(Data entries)
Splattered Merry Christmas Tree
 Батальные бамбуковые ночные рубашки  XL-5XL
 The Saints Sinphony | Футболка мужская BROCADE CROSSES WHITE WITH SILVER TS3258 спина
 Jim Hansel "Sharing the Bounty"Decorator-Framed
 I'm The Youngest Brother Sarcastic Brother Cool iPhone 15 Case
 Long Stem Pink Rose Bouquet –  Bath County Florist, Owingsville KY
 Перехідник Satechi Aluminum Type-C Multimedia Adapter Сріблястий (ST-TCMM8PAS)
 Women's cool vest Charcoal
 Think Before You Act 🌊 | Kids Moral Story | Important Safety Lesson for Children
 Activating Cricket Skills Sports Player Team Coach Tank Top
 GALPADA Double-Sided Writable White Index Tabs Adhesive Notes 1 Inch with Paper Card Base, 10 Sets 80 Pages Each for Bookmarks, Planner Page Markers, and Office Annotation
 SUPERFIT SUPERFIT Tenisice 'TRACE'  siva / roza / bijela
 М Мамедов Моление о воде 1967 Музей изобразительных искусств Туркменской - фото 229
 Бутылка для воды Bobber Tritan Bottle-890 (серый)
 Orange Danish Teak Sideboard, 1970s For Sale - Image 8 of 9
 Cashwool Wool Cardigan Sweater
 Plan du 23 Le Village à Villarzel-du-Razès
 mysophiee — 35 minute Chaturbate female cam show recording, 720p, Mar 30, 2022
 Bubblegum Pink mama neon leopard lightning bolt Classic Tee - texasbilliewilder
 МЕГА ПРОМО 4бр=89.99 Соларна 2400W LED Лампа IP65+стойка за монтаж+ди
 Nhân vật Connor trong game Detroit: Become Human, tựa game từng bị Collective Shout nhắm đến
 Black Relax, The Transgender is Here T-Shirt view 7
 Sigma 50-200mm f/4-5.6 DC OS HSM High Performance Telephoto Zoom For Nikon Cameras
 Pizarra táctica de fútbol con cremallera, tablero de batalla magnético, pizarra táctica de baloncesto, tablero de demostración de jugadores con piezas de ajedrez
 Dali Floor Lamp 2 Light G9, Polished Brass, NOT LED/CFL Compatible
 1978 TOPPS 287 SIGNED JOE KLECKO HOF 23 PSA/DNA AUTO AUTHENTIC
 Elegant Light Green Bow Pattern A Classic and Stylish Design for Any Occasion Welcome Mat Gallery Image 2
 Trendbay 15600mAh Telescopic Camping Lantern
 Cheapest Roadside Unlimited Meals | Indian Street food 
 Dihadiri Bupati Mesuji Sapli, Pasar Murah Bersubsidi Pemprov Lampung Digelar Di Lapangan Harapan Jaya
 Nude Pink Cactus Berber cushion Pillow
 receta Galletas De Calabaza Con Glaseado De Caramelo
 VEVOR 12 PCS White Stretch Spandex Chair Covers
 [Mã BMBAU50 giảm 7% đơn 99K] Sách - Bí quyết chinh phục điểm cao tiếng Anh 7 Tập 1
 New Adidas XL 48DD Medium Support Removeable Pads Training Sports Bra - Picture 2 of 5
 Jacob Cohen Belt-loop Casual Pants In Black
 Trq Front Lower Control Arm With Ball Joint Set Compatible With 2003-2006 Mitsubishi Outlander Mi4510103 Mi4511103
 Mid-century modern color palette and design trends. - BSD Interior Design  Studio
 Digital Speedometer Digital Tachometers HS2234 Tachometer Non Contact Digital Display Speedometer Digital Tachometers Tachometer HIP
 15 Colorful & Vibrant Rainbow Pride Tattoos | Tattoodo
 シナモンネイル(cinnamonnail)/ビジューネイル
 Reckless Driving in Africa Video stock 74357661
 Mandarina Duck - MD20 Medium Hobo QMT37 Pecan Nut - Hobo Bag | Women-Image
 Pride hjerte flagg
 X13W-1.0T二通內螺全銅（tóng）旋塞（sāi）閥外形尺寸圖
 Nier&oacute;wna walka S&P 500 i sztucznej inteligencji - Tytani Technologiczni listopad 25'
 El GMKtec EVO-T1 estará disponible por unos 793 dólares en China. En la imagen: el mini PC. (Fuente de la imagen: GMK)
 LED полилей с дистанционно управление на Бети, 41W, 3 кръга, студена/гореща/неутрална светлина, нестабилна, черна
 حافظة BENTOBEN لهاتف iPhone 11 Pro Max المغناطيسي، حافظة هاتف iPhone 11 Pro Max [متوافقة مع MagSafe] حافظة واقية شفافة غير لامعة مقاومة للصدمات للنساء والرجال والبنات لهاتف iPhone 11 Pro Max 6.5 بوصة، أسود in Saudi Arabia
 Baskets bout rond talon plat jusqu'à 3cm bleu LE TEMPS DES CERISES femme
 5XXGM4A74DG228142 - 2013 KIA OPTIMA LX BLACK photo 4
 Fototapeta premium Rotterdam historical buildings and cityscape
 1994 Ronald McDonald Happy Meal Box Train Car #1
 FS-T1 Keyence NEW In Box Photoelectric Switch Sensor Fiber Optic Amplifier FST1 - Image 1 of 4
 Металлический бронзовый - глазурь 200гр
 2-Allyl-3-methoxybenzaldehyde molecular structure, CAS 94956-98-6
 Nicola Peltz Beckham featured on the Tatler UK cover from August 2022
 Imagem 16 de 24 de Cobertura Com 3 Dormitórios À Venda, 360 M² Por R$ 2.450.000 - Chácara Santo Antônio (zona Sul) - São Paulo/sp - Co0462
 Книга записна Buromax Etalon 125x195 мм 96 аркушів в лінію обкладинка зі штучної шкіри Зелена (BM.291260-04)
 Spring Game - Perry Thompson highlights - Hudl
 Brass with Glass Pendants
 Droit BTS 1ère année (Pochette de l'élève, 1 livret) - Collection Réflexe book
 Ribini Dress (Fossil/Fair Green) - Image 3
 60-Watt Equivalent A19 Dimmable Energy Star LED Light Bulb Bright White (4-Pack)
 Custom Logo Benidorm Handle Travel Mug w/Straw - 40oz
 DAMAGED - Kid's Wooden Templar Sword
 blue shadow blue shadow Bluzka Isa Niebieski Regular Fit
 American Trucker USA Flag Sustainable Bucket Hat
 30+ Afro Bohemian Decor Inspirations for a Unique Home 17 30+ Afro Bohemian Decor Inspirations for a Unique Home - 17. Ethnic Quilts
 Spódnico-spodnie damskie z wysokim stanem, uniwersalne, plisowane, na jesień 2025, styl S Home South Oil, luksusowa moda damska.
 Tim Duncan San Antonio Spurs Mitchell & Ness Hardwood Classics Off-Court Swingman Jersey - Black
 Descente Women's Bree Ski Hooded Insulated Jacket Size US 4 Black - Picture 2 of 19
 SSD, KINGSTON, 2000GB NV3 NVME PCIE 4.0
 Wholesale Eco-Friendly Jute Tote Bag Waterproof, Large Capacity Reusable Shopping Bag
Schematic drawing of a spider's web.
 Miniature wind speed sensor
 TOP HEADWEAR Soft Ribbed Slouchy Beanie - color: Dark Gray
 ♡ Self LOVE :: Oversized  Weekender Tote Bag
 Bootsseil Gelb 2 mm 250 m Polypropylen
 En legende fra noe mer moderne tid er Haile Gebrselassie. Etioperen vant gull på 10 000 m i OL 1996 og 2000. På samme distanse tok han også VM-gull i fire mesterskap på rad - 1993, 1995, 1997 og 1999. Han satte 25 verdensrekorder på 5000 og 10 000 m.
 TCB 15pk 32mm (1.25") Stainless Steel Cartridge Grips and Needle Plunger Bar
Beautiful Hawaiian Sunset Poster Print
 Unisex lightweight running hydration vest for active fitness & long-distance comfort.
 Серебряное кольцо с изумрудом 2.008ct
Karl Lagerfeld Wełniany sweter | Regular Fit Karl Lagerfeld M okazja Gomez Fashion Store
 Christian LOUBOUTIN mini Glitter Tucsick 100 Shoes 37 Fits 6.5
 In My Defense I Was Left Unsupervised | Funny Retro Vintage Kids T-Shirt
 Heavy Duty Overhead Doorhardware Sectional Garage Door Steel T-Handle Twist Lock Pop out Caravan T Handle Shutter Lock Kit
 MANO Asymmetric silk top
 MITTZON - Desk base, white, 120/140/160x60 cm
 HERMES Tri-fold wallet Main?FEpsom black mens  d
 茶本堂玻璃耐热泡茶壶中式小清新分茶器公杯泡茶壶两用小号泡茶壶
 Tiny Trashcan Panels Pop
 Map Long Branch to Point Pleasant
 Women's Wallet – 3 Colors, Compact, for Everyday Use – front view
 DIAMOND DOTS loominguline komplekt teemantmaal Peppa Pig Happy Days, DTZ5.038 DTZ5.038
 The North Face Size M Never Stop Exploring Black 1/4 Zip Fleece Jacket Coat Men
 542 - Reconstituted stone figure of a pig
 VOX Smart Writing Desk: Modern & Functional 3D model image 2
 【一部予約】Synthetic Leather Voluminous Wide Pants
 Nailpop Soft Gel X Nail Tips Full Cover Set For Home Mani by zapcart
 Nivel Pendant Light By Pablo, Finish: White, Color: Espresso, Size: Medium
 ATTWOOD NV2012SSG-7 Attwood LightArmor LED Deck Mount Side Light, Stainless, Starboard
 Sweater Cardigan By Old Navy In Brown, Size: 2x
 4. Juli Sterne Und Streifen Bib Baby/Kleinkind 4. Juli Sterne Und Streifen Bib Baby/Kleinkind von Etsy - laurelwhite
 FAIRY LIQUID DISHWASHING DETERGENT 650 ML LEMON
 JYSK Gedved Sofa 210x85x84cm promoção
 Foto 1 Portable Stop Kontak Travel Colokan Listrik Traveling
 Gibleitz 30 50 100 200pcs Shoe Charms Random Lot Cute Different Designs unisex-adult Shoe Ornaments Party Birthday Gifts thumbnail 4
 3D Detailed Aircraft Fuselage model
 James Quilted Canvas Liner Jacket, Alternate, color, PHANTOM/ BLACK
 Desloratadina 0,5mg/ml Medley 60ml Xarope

» **Assigned task**
Looking back over the data above, restate word for word the lines that begin at the line with "Elegant Light Green" and end at the line with "Mandarina Duck - MD20", inclusive.

» **Expected output**
 Elegant Light Green Bow Pattern A Classic and Stylish Design for Any Occasion Welcome Mat Gallery Image 2
 Trendbay 15600mAh Telescopic Camping Lantern
 Cheapest Roadside Unlimited Meals | Indian Street food 
 Dihadiri Bupati Mesuji Sapli, Pasar Murah Bersubsidi Pemprov Lampung Digelar Di Lapangan Harapan Jaya
 Nude Pink Cactus Berber cushion Pillow
 receta Galletas De Calabaza Con Glaseado De Caramelo
 VEVOR 12 PCS White Stretch Spandex Chair Covers
 [Mã BMBAU50 giảm 7% đơn 99K] Sách - Bí quyết chinh phục điểm cao tiếng Anh 7 Tập 1
 New Adidas XL 48DD Medium Support Removeable Pads Training Sports Bra - Picture 2 of 5
 Jacob Cohen Belt-loop Casual Pants In Black
 Trq Front Lower Control Arm With Ball Joint Set Compatible With 2003-2006 Mitsubishi Outlander Mi4510103 Mi4511103
 Mid-century modern color palette and design trends. - BSD Interior Design  Studio
 Digital Speedometer Digital Tachometers HS2234 Tachometer Non Contact Digital Display Speedometer Digital Tachometers Tachometer HIP
 15 Colorful & Vibrant Rainbow Pride Tattoos | Tattoodo
 シナモンネイル(cinnamonnail)/ビジューネイル
 Reckless Driving in Africa Video stock 74357661
 Mandarina Duck - MD20 Medium Hobo QMT37 Pecan Nut - Hobo Bag | Women-Image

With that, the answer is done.